Dem Publikum und den Medien erzählt André das, was sie von einem Mister Schweiz erwarten. Er spricht, ganz braves Rehli, über seinen Traum vom selbst gezimmerten Eigenheim mit zwei Kindern. Vom Lieblingsessen Wurst-Käse-Salat. Sagt Sätze wie: «Ich stehe für das Bodenständige. Ich liebe die Natur, das Bergsteigen. Und ich bin stolz darauf, Glarner zu sein.» Ausserdem möchte er seinen Berufsstand beliebter machen.
Kurz: Das hatten wir alles schon mal. Und zwar in Form von Andrés Vorgänger Stephan Weiler (24). Weilers Mister-Jahr war alles andere als spannend. Aber nach der Wahl am Samstag sagt André Reithebuch augenzwinkernd zu BLICK: «Mein Ziel ist, in meinem Amtsjahr kein Langweiler zu werden.»
Mister-Muffel aufgepasst: Diese Gefahr besteht diesmal wirklich kaum! Das bestätigt auch Andrés bester Freund Roman Zweifel (22), Inhaber der Motorradwerkstatt Rom-Racing in Linthal.
«André ist ein sehr fröhlicher Mensch, und ja, er ist bodenständig», erzählt Zweifel, «aber er hat zwei Seiten: Er kann auch richtig Gas geben.

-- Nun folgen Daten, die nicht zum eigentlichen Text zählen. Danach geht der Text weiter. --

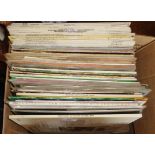 Box of assorted vinyl LP's inc. jazz and popular music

Man kann mit ihm immer Fun haben – er ist einfach für jeden Seich zu haben!»
André und Stefan spielten schon zusammen im Sandkasten, wuchsen beide in Linthal auf. Bis vor Kurzem fuhren sie gemeinsam Supermoto-Rennen – eine waghalsige Art von Motorradrennen auf Rennstrecken, die nicht nur aus Asphalt-, sondern auch aus Kies- und Offroad-Teilen bestehen. Spektakuläre Drifts und Überholmanöver gehören dazu. Stefan: «André ist ein richtiger Draufgänger.»
Beim Thema Motorsport beginnen Andrés Augen zu strahlen: «Ja, ich betrieb den Sport leidenschaftlich, musste leider aus finanziellen Gründen aufhören. Aber ich will ganz klar wieder auf die Rennstrecke zurück. Da kann ich mich so richtig austoben.»
Sieht man sich Fotos aus Andrés Leben an, gibt es definitiv keinen Zweifel mehr: Unser neuer Mister Schweiz haut gerne auf den Putz! André zu BLICK: «Ja, ich feste gern. Und ich tanze gern. Ich höre gerne Rockmusik, AC/DC zum Beispiel. Es gibt auch diese wilde Seite in mir, und die muss ich ausleben.»
Warum hat er vor der Wahlnacht mit niemandem über seine wilde Seite gesprochen? In den braunen Augen funkelt es verschmitzt: «Es hat mich einfach nie jemand danach gefragt», sagt der neue Mister Schweiz grinsend.